*Recorded data*
********

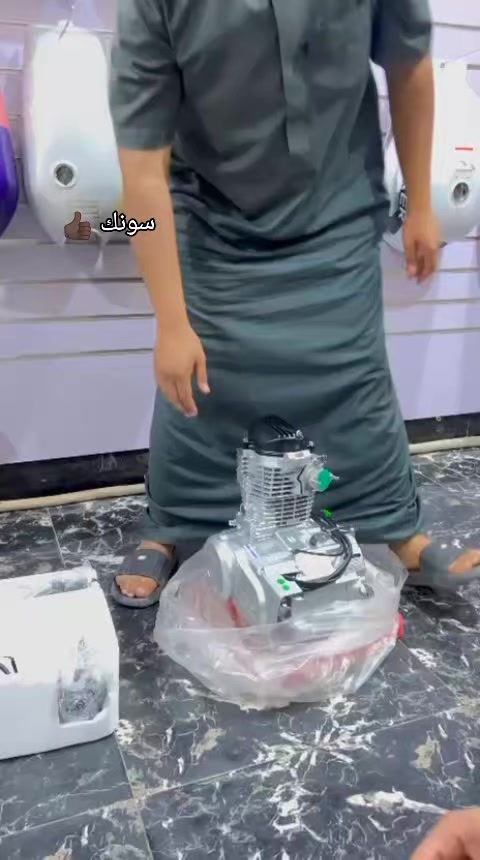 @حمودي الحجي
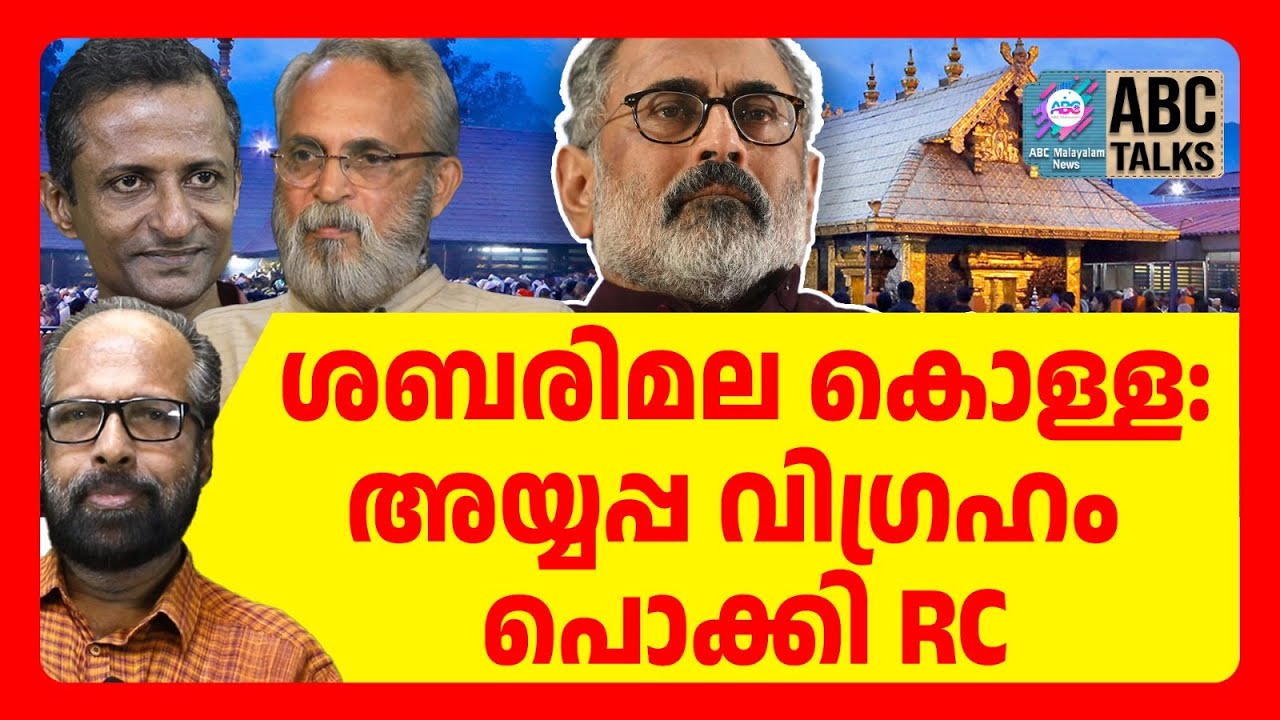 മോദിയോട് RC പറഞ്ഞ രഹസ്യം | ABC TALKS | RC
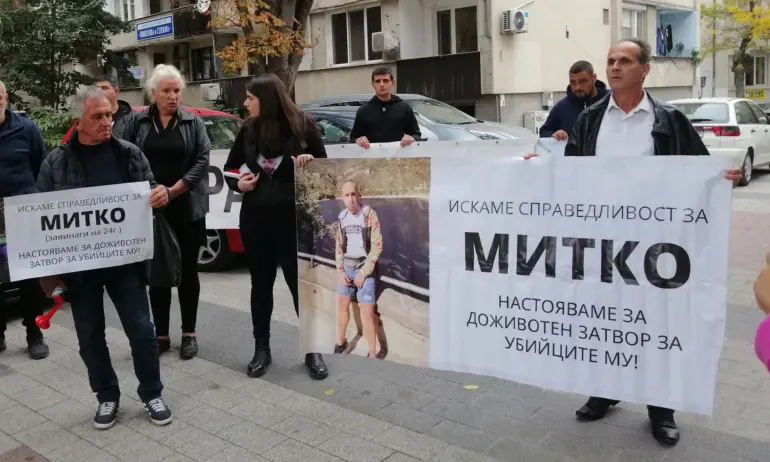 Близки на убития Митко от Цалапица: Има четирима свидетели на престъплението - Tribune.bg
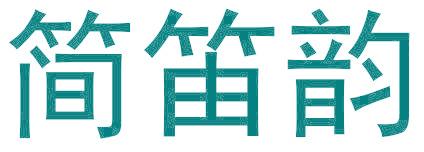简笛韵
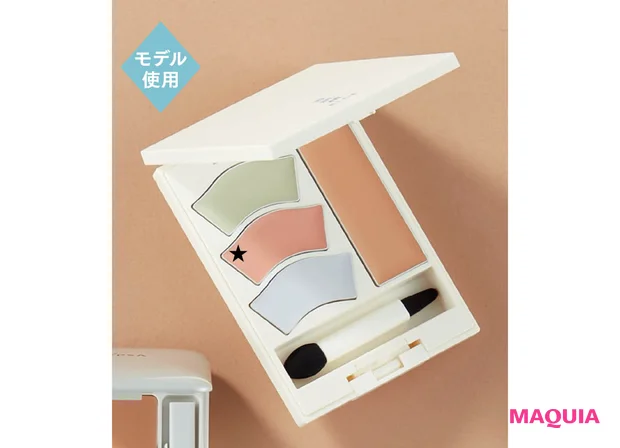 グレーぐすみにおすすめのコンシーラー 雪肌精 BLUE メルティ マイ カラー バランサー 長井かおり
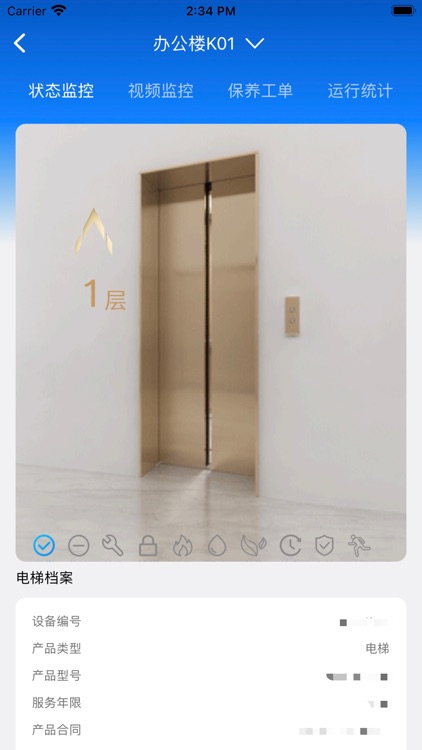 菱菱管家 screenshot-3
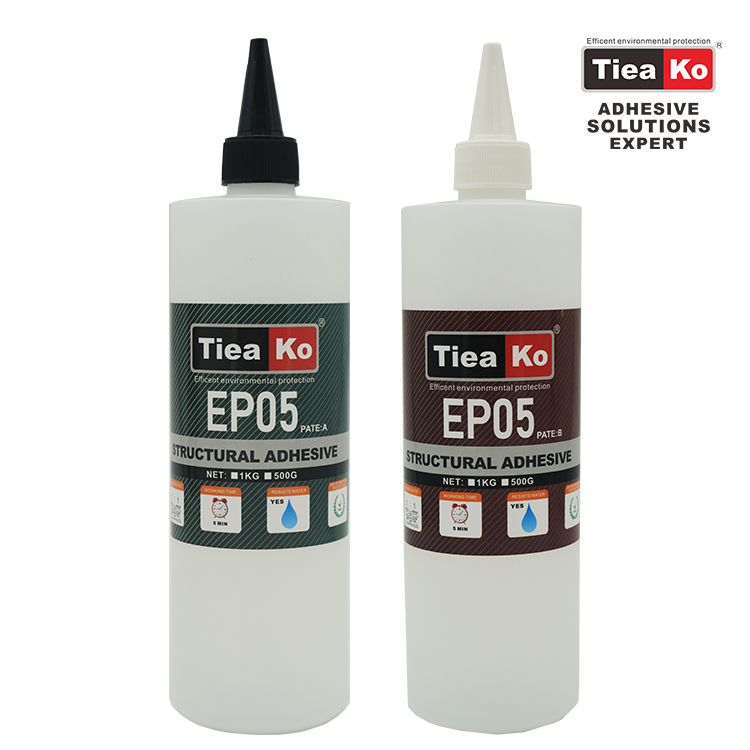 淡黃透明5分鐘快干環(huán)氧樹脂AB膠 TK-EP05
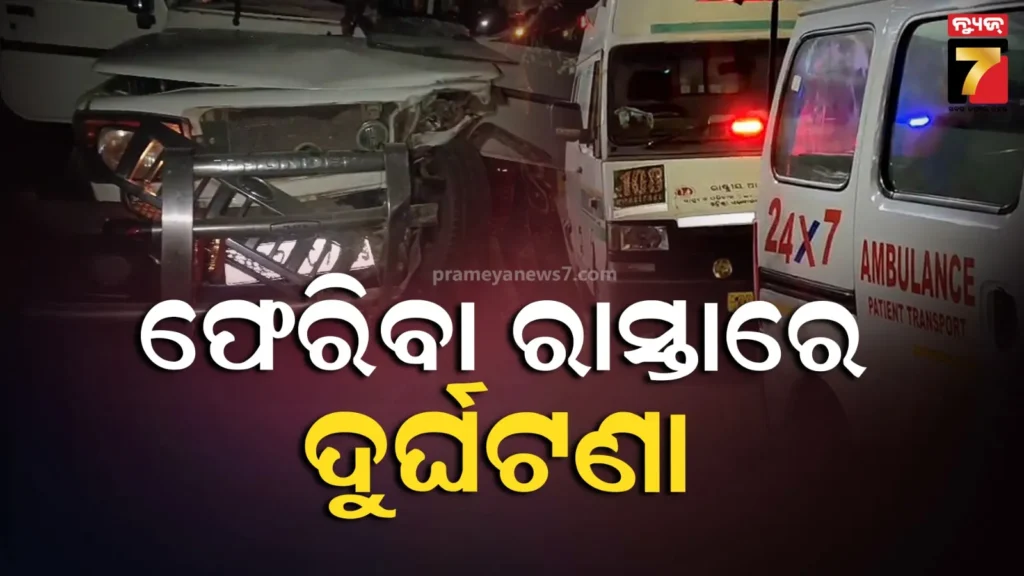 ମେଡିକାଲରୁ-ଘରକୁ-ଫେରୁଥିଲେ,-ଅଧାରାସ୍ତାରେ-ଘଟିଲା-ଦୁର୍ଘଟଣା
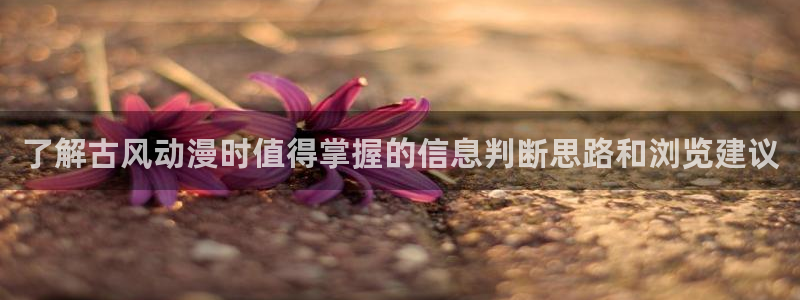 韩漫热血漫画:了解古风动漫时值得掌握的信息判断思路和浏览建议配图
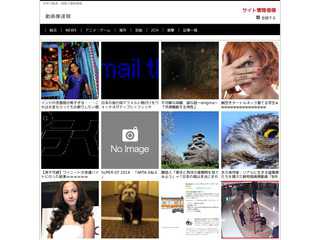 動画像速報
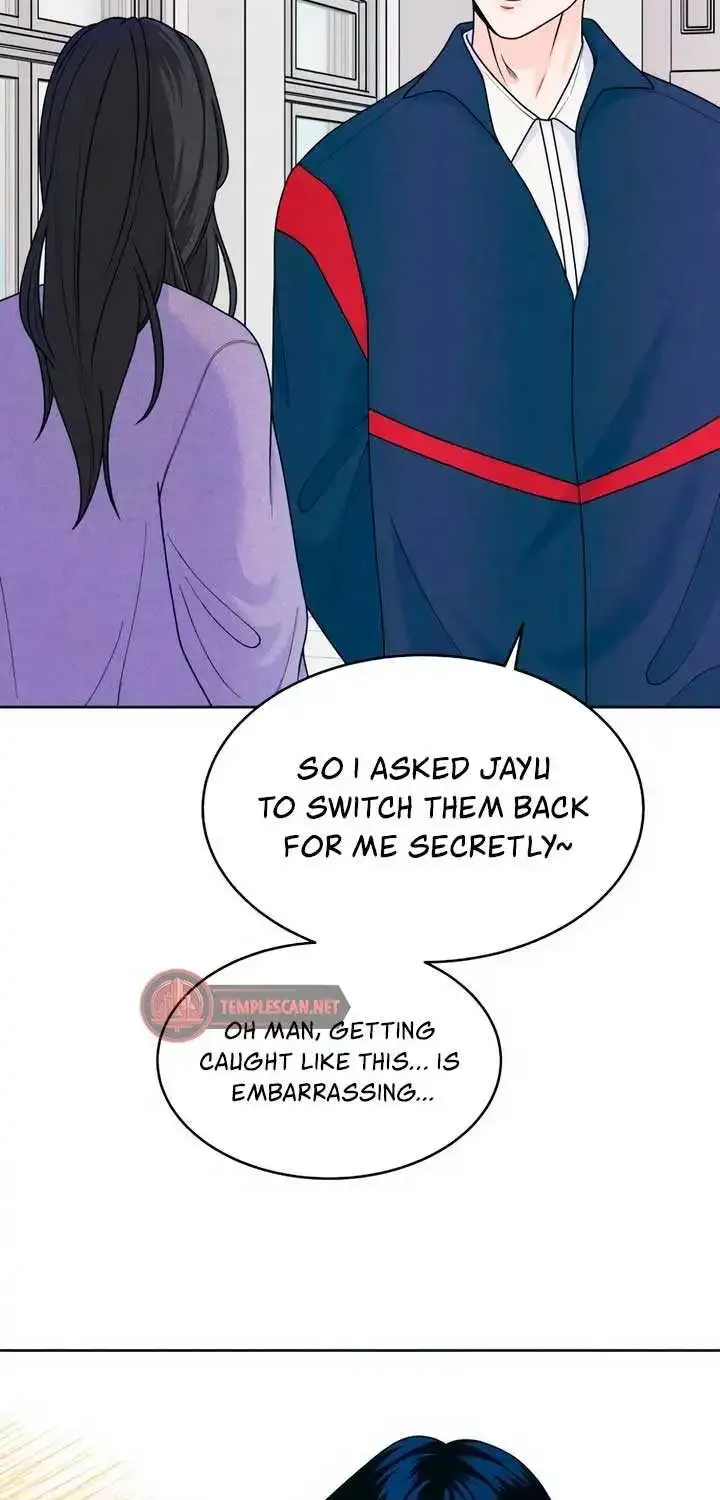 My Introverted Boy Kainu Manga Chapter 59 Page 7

********

*Work to complete*
Give an exact copy of the listing, without its pictures.

*Response area*
 @حمودي الحجي
 മോദിയോട് RC പറഞ്ഞ രഹസ്യം | ABC TALKS | RC
 Близки на убития Митко от Цалапица: Има четирима свидетели на престъплението - Tribune.bg
简笛韵
 グレーぐすみにおすすめのコンシーラー 雪肌精 BLUE メルティ マイ カラー バランサー 長井かおり
 菱菱管家 screenshot-3
 淡黃透明5分鐘快干環(huán)氧樹脂AB膠 TK-EP05
 ମେଡିକାଲରୁ-ଘରକୁ-ଫେରୁଥିଲେ,-ଅଧାରାସ୍ତାରେ-ଘଟିଲା-ଦୁର୍ଘଟଣା
 韩漫热血漫画:了解古风动漫时值得掌握的信息判断思路和浏览建议配图
 動画像速報
 My Introverted Boy Kainu Manga Chapter 59 Page 7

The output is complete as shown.